AIM OF THE EXERCISE >> Please find the lines in the following records that hold "White", and copy them.

AVAILABLE RECORDS >>
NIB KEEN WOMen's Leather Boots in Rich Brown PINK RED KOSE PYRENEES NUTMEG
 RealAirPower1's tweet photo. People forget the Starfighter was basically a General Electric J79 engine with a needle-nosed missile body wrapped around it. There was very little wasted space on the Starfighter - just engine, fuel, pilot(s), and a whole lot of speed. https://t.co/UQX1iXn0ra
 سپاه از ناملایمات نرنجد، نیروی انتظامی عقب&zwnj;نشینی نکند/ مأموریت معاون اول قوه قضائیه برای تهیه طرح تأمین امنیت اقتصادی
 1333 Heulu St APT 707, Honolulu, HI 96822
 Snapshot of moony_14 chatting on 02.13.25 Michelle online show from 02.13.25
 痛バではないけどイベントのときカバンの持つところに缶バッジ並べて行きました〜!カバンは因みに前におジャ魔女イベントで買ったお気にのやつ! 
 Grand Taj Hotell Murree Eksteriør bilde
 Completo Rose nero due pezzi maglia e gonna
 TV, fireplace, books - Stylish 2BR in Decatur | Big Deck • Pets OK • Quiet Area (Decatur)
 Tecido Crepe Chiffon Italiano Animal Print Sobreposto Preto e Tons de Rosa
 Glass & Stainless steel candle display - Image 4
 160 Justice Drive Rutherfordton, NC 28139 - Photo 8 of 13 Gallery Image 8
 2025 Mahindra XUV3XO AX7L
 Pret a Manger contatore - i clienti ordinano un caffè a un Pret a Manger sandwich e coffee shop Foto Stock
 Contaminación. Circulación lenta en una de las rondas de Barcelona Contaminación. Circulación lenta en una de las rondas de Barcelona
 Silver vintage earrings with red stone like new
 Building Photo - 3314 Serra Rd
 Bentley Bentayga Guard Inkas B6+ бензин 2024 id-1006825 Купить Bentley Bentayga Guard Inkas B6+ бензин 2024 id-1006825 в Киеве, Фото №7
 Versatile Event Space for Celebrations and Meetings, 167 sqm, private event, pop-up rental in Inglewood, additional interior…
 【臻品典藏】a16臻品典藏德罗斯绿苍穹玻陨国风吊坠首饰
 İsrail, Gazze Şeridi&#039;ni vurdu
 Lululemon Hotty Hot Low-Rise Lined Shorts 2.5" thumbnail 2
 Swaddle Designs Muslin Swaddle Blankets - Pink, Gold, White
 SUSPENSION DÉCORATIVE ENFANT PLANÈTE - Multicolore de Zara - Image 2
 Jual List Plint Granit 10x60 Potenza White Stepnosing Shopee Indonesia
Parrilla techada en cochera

SOLUTION TO THIS TASK >>
 Swaddle Designs Muslin Swaddle Blankets - Pink, Gold, White
 Jual List Plint Granit 10x60 Potenza White Stepnosing Shopee Indonesia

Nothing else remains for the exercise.